**EXERCISE INSTRUCTIONS:** Below, find the line containing "2026 Nieuwe DS" and the line containing "Cartolina Cuneo, Ponte"; reproduce exactly those two and every line between them, omitting pictures.

**INFORMATION:**
_____
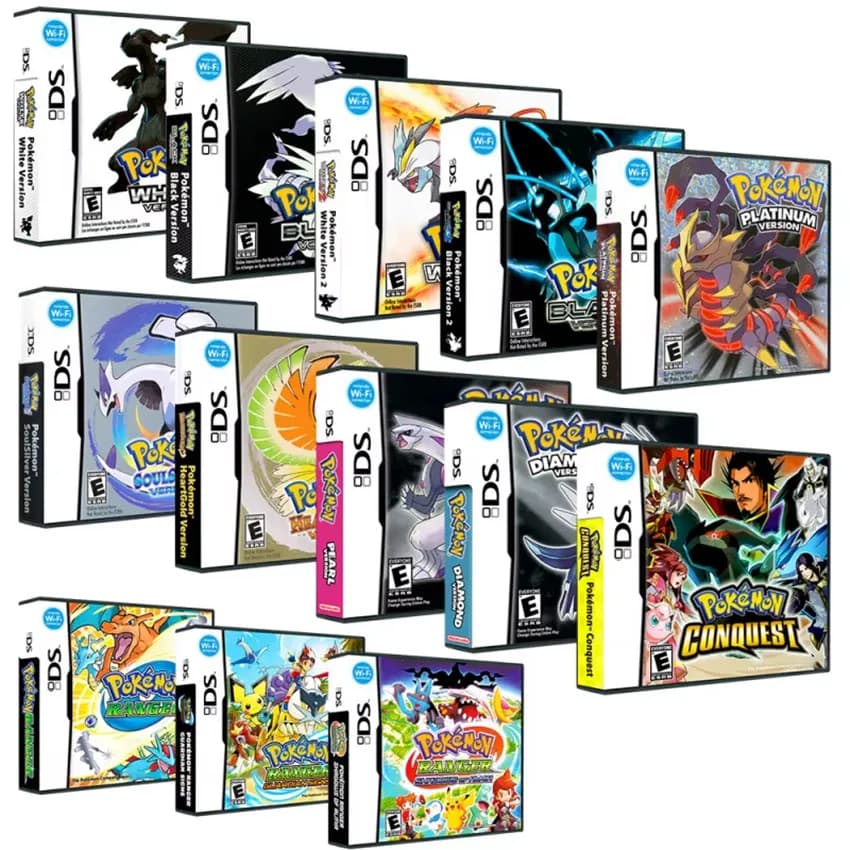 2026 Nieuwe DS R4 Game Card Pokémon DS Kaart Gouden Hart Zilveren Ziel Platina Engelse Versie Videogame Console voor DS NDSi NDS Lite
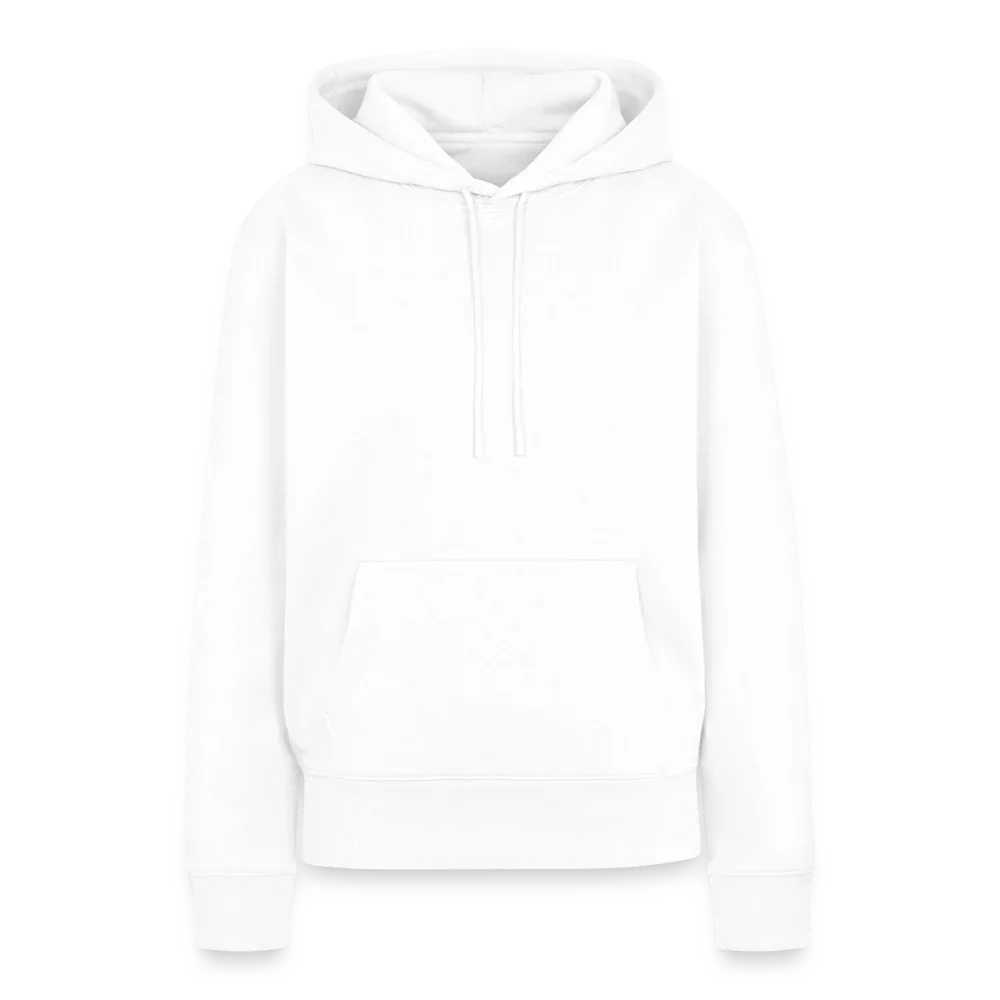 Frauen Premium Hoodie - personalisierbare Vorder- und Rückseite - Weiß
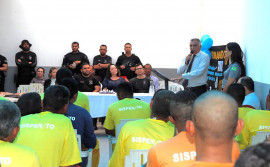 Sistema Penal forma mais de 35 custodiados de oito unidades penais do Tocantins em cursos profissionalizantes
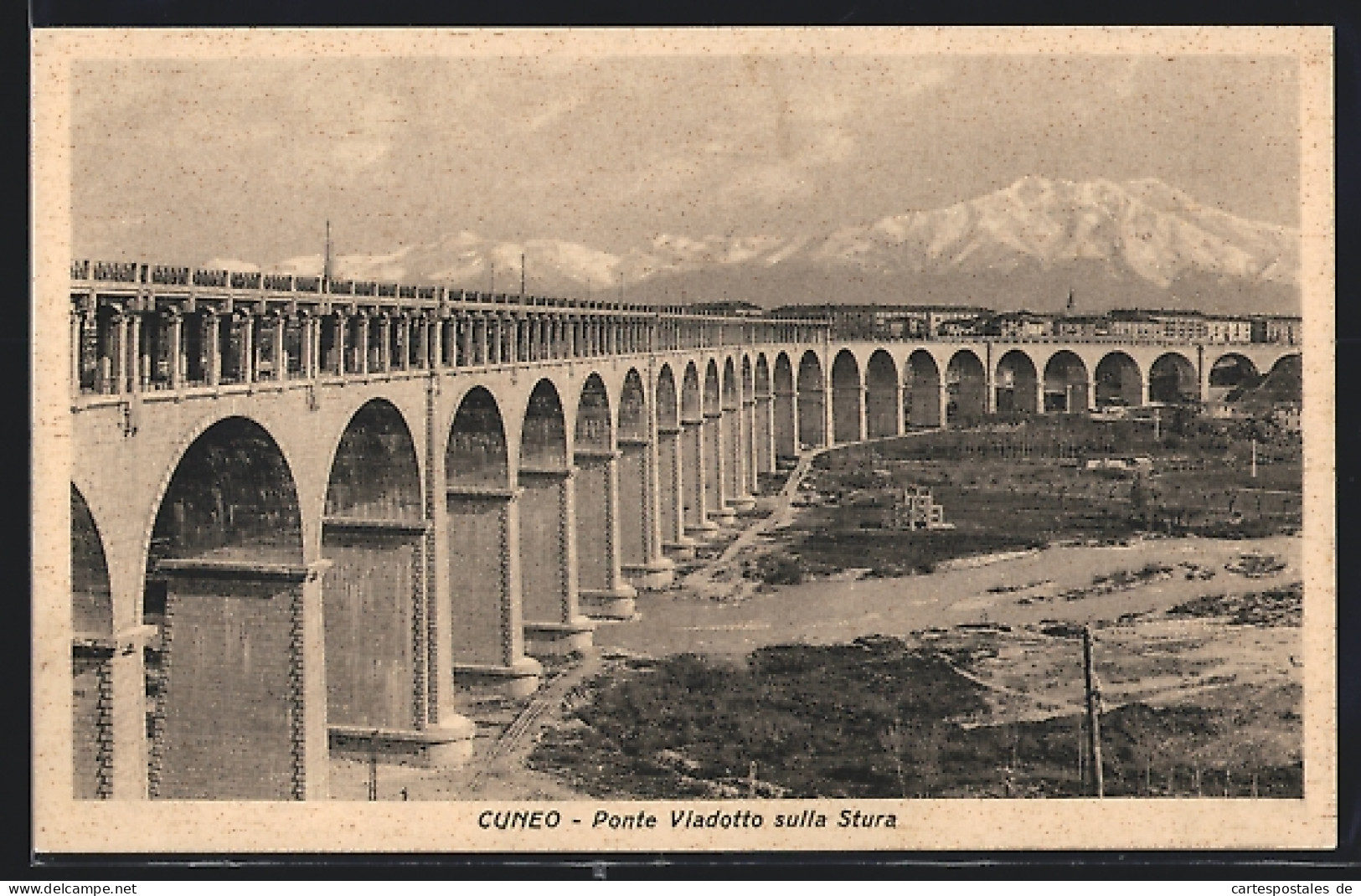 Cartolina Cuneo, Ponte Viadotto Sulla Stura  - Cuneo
_____
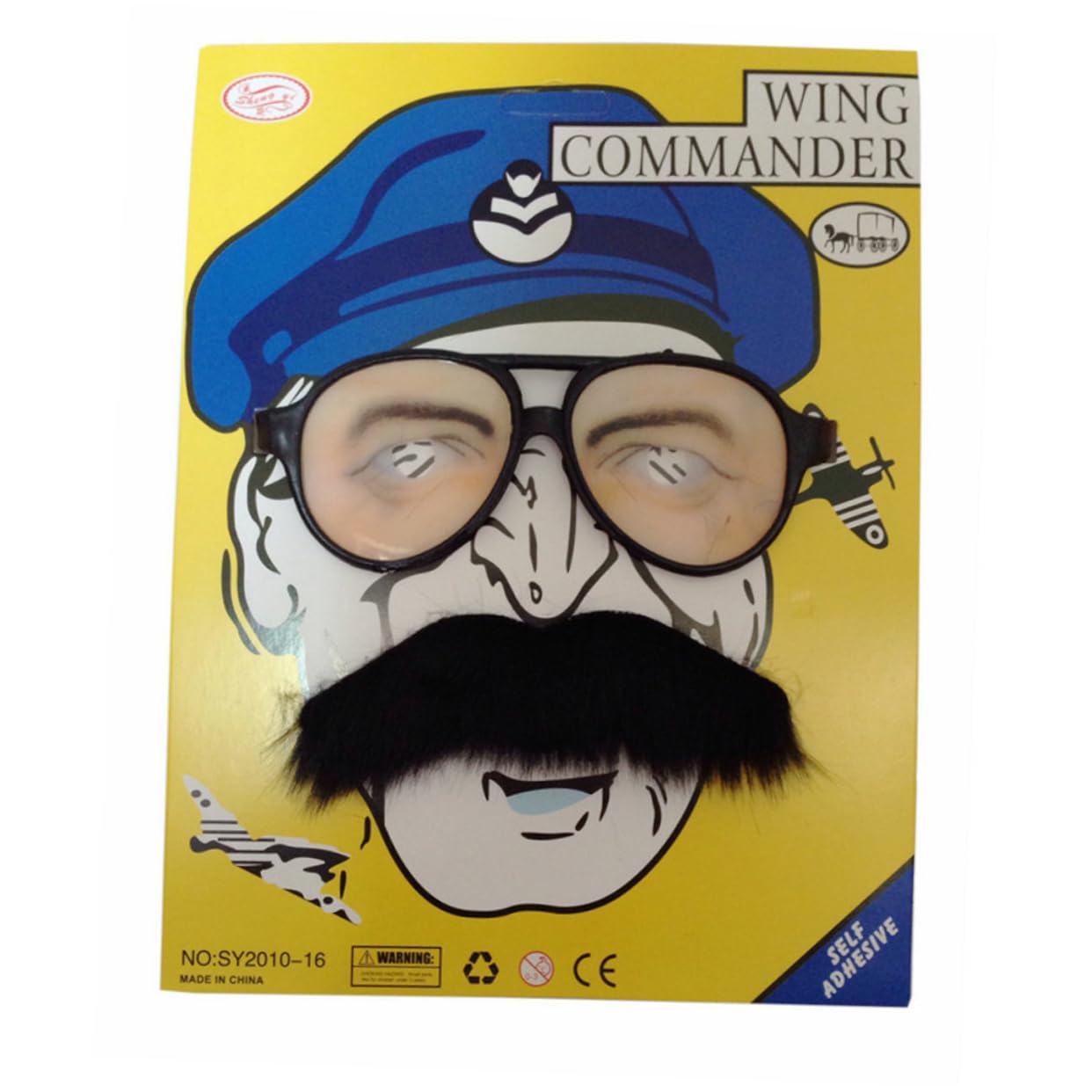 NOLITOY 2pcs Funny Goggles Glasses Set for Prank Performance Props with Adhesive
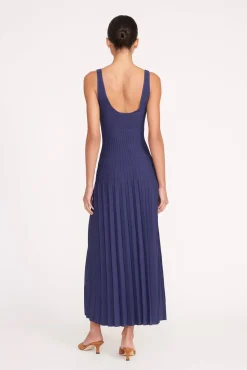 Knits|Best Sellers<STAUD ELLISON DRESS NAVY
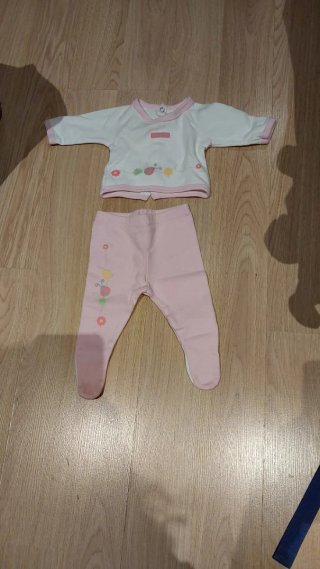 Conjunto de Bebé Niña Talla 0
_____
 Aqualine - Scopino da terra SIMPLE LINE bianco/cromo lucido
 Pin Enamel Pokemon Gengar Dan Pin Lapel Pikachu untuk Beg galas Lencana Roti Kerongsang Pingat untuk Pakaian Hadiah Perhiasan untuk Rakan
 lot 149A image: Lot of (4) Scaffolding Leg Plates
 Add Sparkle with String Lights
_____
**REPLY:**
 2026 Nieuwe DS R4 Game Card Pokémon DS Kaart Gouden Hart Zilveren Ziel Platina Engelse Versie Videogame Console voor DS NDSi NDS Lite
 Frauen Premium Hoodie - personalisierbare Vorder- und Rückseite - Weiß
 Sistema Penal forma mais de 35 custodiados de oito unidades penais do Tocantins em cursos profissionalizantes
 Cartolina Cuneo, Ponte Viadotto Sulla Stura  - Cuneo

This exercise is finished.